More than 61 percent of purchasing managers surveyed at California manufacturing companies expect deliveries from their suppliers to be slower in the October-December quarter than during the July-September quarter.
Analysts say this bottleneck means California’s manufacturing sector is expected to grow at a slower pace in the fourth quarter than it did during the third quarter.
Chapman University’s Anderson Center for Economic Research has taken a survey of purchasing managers at California-based manufacturers at the beginning of every calendar quarter since 2002. Purchasing managers have a unique outlook on the immediate future of production and employment, since they’re responsible for buying the materials needed in the manufacturing process.
According to its most recent findings, supplier deliveries “are expected to slow at the highest rate ever recorded.”
The survey director, Professor Raymond Sfeir, said, “The California manufacturing economy is expected to continue to grow in the last quarter of this year but at a rate below the record high of the third quarter.”
He said the slower pace of the growth can be attributed to a “lack of raw materials and components, and dramatically slower deliveries.”
These results come on the heels of recent news that one of California’s highest profile manufacturers, Tesla, is moving its headquarters to Texas.

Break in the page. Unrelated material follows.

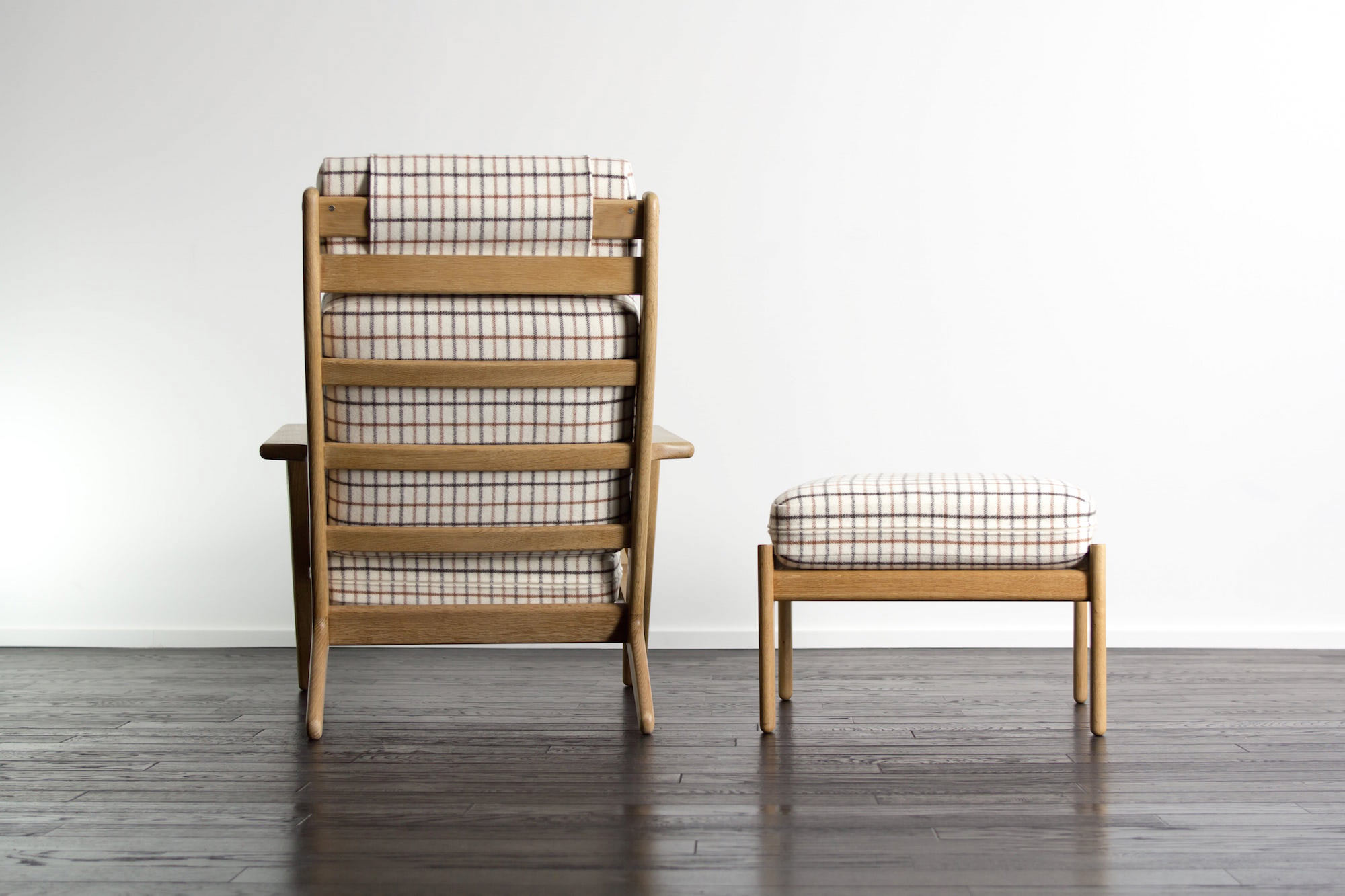 GE290A High back Chair by Hans J Wegner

In addition, one of the ships anchoring near the San Pedro-Long Beach port complex may have dragged its anchor through an oil pipeline, fouling the waters in Orange County. According to the Port of Los Angeles, there are 60 container ships “at anchor” off the twin ports of Los Angeles and Long Beach as of Oct. 8.
Supply shortages are widespread throughout the economy, with a lack of computer chips causing manufacturing snarls at global car manufacturers. Some U.S. retailers have also chartered their own container ships so they can stock their shelves in time for the American gift-buying season.

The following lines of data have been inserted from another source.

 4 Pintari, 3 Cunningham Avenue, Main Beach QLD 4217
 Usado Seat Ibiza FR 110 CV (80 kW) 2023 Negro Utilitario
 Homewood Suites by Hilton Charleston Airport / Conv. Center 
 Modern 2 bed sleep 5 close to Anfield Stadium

Three months ago, at the beginning of the third quarter, some 55 percent of purchasing managers expected their own firm’s production to expand during the quarter, and only 9 percent thought production would decrease. However, now, only 46.4 percent of purchasing managers think production at their firms will increase, and 17.4 percent think it will actually shrink.
Commodity prices are expected to keep going up. Indeed, 83.7 percent of all surveyed purchasing managers say commodity prices will be higher during the fourth quarter. Only 4.1 percent of purchasing managers expect commodity prices to go down.

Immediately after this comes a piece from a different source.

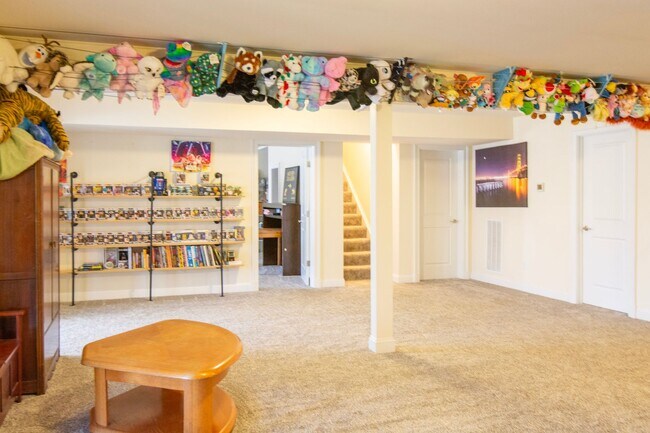 Building Photo - 6883 Birmingham Dr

Regarding employment: 34.4 percent of the purchasing managers surveyed say their firms will expand employment during the fourth quarter. Only 10 percent of purchasing managers think their firms will reduce employment during the quarter.
Despite the relatively positive outlook, it’s not what was expected at the beginning of the third quarter when 43.2 percent expected employment to increase and only 9.3 percent expected employment to reduce.